I’m going to post the way I worked out the two recent problems that I posted. Today I’m going to focus on the second problem first.  Other people had different solutions they threw in the comments to the original posts, so you can look there too.

FIRST PROBLEM:

Statement: A particle is moving along the curve y=x^2-x at a constant speed of 2\sqrt{10}. When it reaches the point (2,2), you know \frac{dx}{dt}>0. Find the value of \frac{dy}{dt} at that point.

Solution: I imagined the particle moving along the curve, and it being played on a film. The particle follows this path and is going at a constant speed:

So then I said: we only care about the particle around (2,2), so I mentally zoomed in near that point:

So we don’t care about the rest of the picture. The particle is actually moving in a straight line in the area we care about, and this line is y=3x-4 (we found the equation of the line tangent to the original curve at the point (2,2)). So this greatly simplifies how I had to think about the problem. Where we care about things, the particle is moving in a straight line at a rate of 2\sqrt{10}.

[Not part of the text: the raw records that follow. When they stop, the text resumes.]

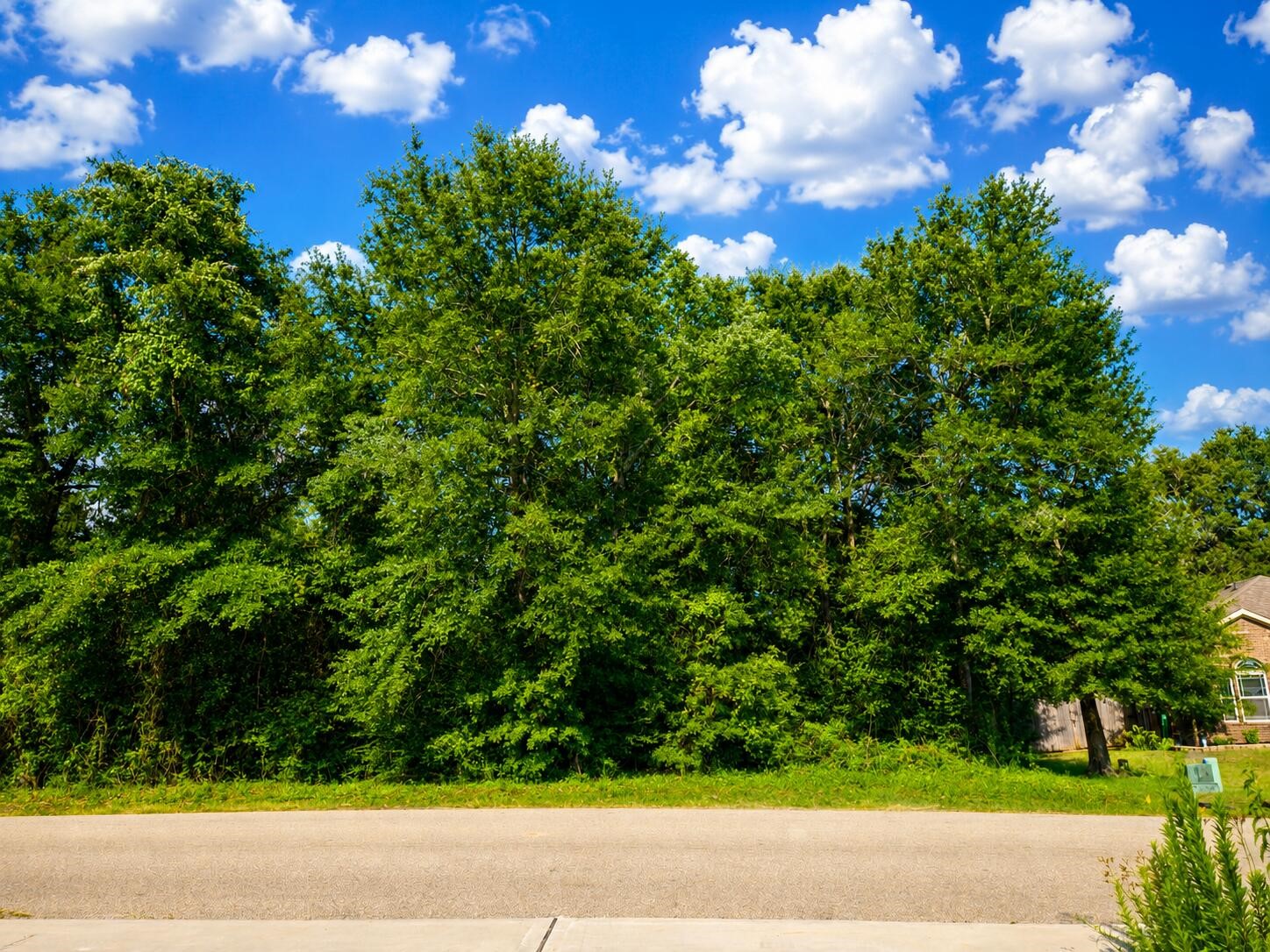 12294 Lake Conroe Hills Property Photo 2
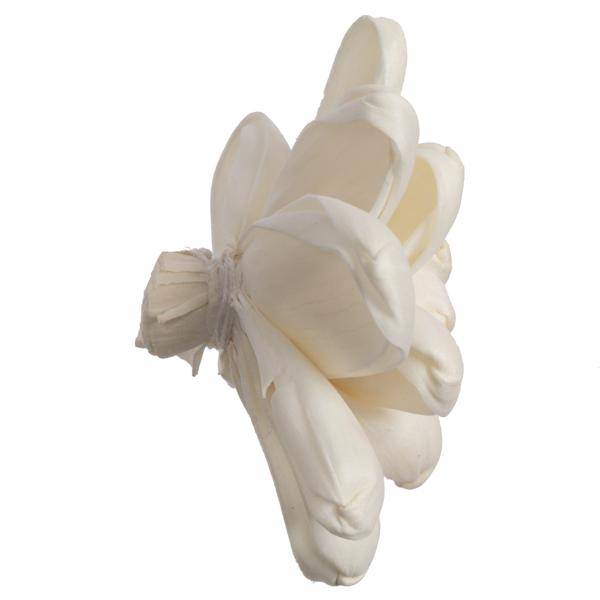 1-3" Assorted Eleanor Sola Head (24 pack) 2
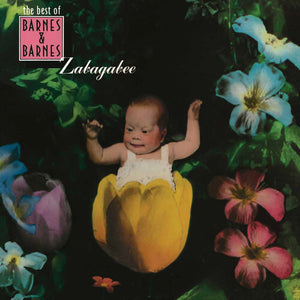 BARNES & BARNES | ZABAGABEE: THE BEST OF BARNES & BARNES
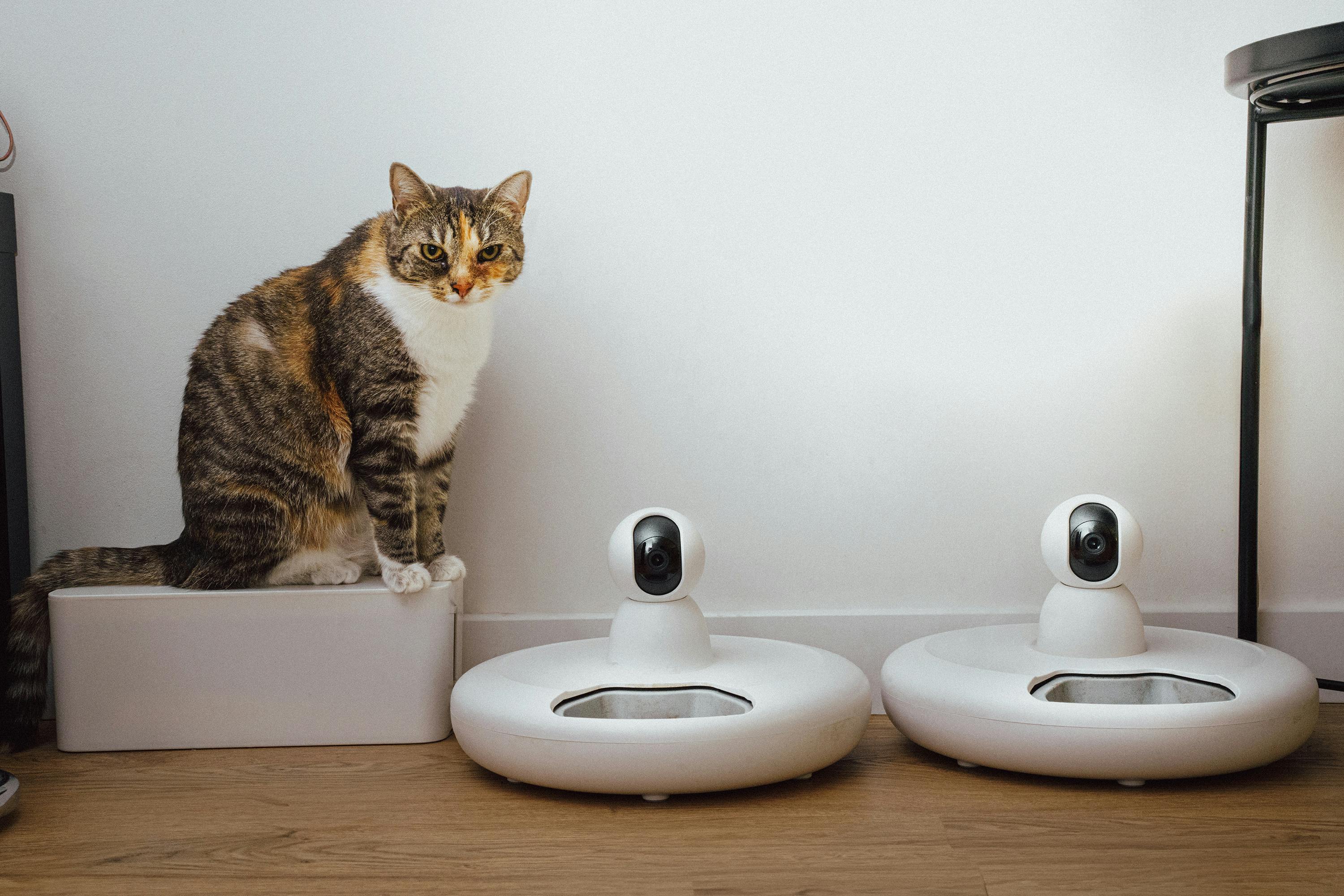 ¿Puede la tecnología reemplazar el cuidado humano de las mascotas?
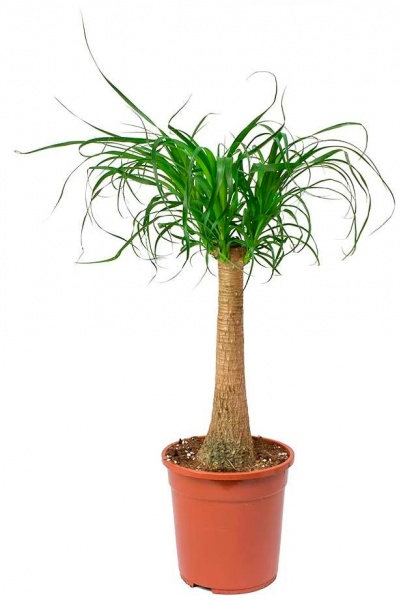 Растение Бокарнея (нолина) 9х30 см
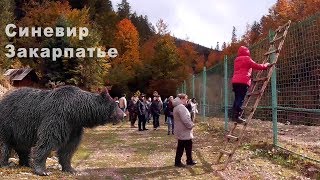 МЕДВЕДИ НА ЗАКАРПАТЬЕ Центр реабилитации Синевир, Закарпаття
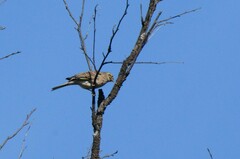 Emberiza citrinella × leucocephalos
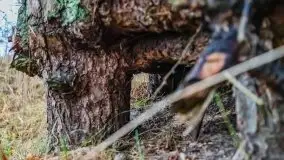 Miał być zachód słońca, a skończyło się na ognisku - zdjęcie 23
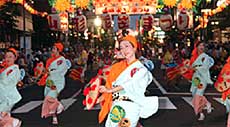 HCM City to host Vietnam-Japan culture festival 2013 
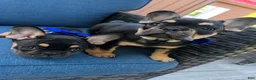 French Bulldog dogs for sale: Princess Leia  - Ad 13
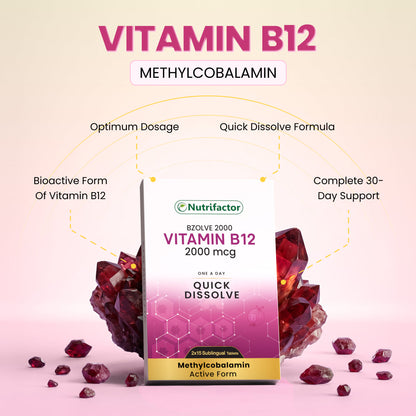 Bzolve 2000 - Nutrifactor Brain & Nerves - Image 3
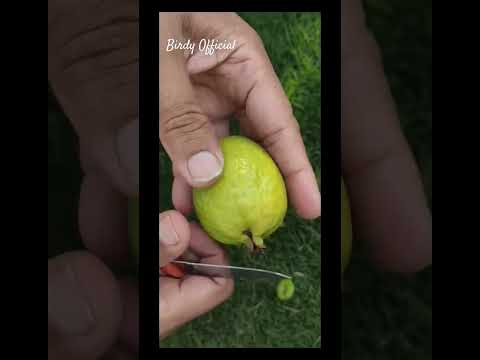 Fresh Guava From Homegarden #homegarden #fruit #guava #shorts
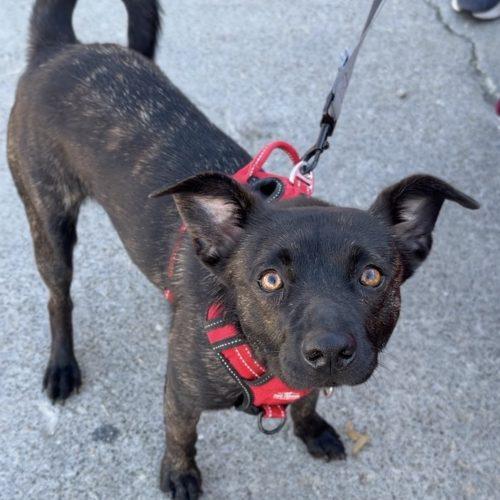 Enlarge Theodore, a Adoptable mixed breed in Georgetown, KY image 5/5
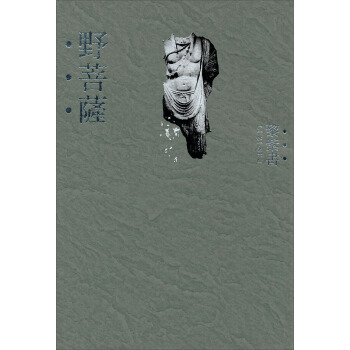 野菩薩 pdf epub mobi 下载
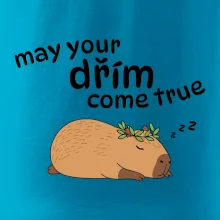 May your dřím come true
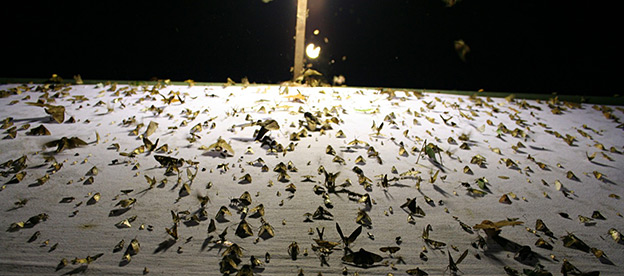 Chasse entomologique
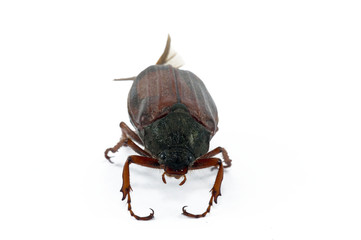 Beetle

So then I thought about the velocity vector for the particle — moving in the direction of the line at a rate of 2\sqrt{10}. And this vector is composed of the velocity in the x-direction and the velocity in the y-direction: \frac{dx}{dt} and \frac{dy}{dt}.

And we just have to use the last piece of information that we haven’t used… That the ratio of height/length of this triangle is 3 (the slope of the line — the direction of velocity — is 3). So we can solve this with a bunch of different ways, but I found the easiest to just make similar triangles and solve:

(I calculated that the hypotenuse of the second triangle was \sqrt{10}.) Clearly we can deduce that dy/dt=6.

In essence, this is the exact same method that other people used to solve it, but it took me to actually zoom in and picture what was going on with the particle to figure this problem out so that I conceptually had mastered it.

The way I approached the second problem comes later.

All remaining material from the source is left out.